1.The big data advantage
Data explosion
The world’s data volume has grown more than 10x in the last decade and is projected to keep accelerating. This surge includes structured financial data and vast unstructured datasets—text, audio, images, and alternative data sources. For investors, this means more signals to identify alpha opportunities as well as greater complexity requiring advanced analytics.
Speed and scale
Quantitative managers leverage cutting-edge technology and computational power to process massive datasets in real time. This capability essentially enables faster decision-making and provides an informational edge over traditional managers ultimately, enhancing the ability to uncover subtle patterns and correlations.

Source : GSAM, “Harnessing the Power of Artificial Intelligence (AI) in Equity Investing”. For Illustrative purposes only.
2.Adaptability in dynamic markets and the rise of AI
Markets are constantly evolving, influenced by structural shifts (e.g., rise of index investing, shorter holding periods) and brief shocks (e.g., pandemics, tariffs). Quant strategies excel in this environment because they:
- continuously refine models to reflect new realities;
- rapidly integrate new data sources;
- exploit inefficiencies and price dislocations that traditional approaches might overlook.

Source : GSAM, “Harnessing the Power of Artificial Intelligence (AI) in Equity Investing”. For Illustrative purposes only.
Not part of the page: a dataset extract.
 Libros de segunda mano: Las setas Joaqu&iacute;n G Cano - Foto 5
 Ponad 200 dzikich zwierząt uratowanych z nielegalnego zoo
Also, advancements in artificial intelligence, particularly large language models, represent both new developments and extensions of decades-old techniques, coinciding with an exponential increase in large, complex, and unstructured datasets. This growth enhances the value of quantitative methods for detecting patterns and anomalies that traditional investment strategies might overlook.
3.Objectivity and transparency
Quantitative investing is rooted in a systematic, data-driven process. Unlike discretionary strategies that rely heavily on human judgment, quant models apply explicit, rules-based frameworks. This approach:
- reduces human biases;
- provides clear explanations for investment decisions;
- ensures consistency even amid personnel changes.
Transparency in methodology also enables agility, allowing managers to adapt quickly to shifting market conditions without compromising the integrity of the strategy.
Why it’s a competitive edge and looking ahead
In current markets, data alone is not sufficient. Combining high-quality data with advanced AI and machine learning techniques, as well as human economic analysis, supports the interpretation and validation of insights. This approach enables quantitative managers to deliver risk-adjusted returns, achieve diversification across asset classes, and maintain resilience through varying market cycles.
As AI and data continue to reshape the investment landscape, quantitative strategies will remain at the forefront. Firms with scale, robust infrastructure, and a culture of research and innovation—like that of Goldman Sachs’ Quantitative Investment Strategies team, who manage the NBI SmartData Funds and ETF series, are best positioned to harness these trends and deliver differentiated outcomes.